De plus, le regain de l’acharnement à l’encontre des militants de l’opposition révèle une fois de plus la frilosité du régime en place. Ses pronostics sur la démotivation des manifestants, les statistiques que s’emploie à publier Yark Damehame, ministre de la Sécurité et de la Protection civile après les marches sont loin d’émousser la lutte populaire. Au contraire. Plus les jours passent, plus la détermination du peuple togolais se renforce et fait peur au pouvoir cinquantenaire qui, sans doute, est dans ses derniers instants de survie malgré les forcings de façade. Et c’est pour cela qu’il renoue avec le langage qu’il sait très bien parler, celui de la violence. Pour couvrir ces forfaitures, le régime préfère agir hors caméra, c’est-à-dire à la tombée de la nuit où les populations rentrent chez elles et se défouler sur elles. Toutefois, l’opposition se doit de ne pas prêter le flanc à ses exactions. Elle doit veiller à ce que les marches se terminent le plus tôt possible.

Il y a un contrôle au faciès qui se déguise par un dédain à une couleur propre à un parti de l’opposition et ses militants. La semaine surpassée, aux abords de certaines rues de Lomé, des passagers étaient fouillés, et selon que certains présentent un visage ou arborent un habit ou un gadget dont la couleur est assimilée au parti indexé, ils sont l’objet de toutes sortes d’intimidation. En fait, il s’agit d’un filtre qui permettait au pouvoir qui ne supporte pas la ferveur démocratique qui s’est emparée du peuple togolais dans son entièreté, de procéder à de basses besognes d’intimidation et de répression à l’encontre de ces militants.

La Défense, si éloquente d’exactions

Cette nouvelle escalade de la violence est la preuve que les appels à la retenue lancée les représentations diplomatiques accréditées au Togo ne sont pas pris en compte par le régime. Le pouvoir a semblé obtempérer, mais le naturel est revenu au galop. Et les faits du samedi dernier témoignent que l’apaisement n’est prononcé que sur le bout des lèvres. Ces actes de répression contredisent le gouvernement qui offre tacitement une impunité à leurs auteurs. Cela peut s’entendre par la peur de situer les responsabilités. Qui donne les ordres de réprimer les manifestants ? A cette question, rien ne permet de nommer avec exactitude les commanditaires.
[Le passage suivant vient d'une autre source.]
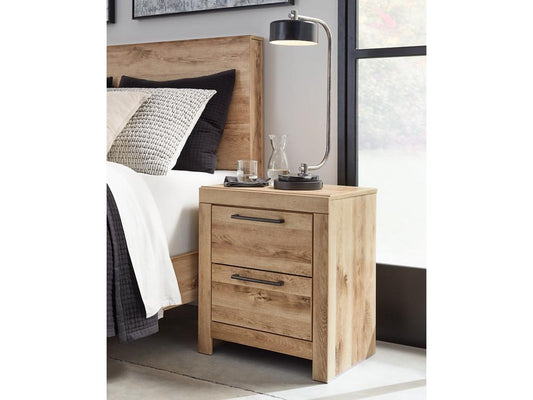 Signature Design by Ashley - Hyanna Two Drawer Night Stand in Tan - B1050-92 veiw 2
Le RPT/UNIR étant un navire avec un équipage hétéroclite sur lequel les capitaines sont nombreux, les ordres viennent de tous les horizons. Et cette confusion est relevée plus haut par Mme Brigitte Kafui Adjamagbo-Johnson.

Cependant, la sortie des éléments de la BIR le samedi dernier à Dikamé peut conduire à un indice irréfutable. Depuis le gouvernement Séléagodji Ahoomey-Zunu, jusqu’à celui actuel de Selom Klassou, il existe un portefeuille qui n’attire pas beaucoup de regards mais qui travaille. Il s’agit de la Défense. Elle est rattachée à la Présidence et c’est Faure Gnassingbé lui-même qui le pilote. Et c’est ainsi que l’identité du commanditaire du siège de Sokodé, de Tchamba, Bafilo, etc. par les bérets rouges, ne souffrirait d’aucune ombre. Le silence légendaire de Faure Gnassingbé est tout simplement éloquent de répressions et de brutalités commises sur les populations.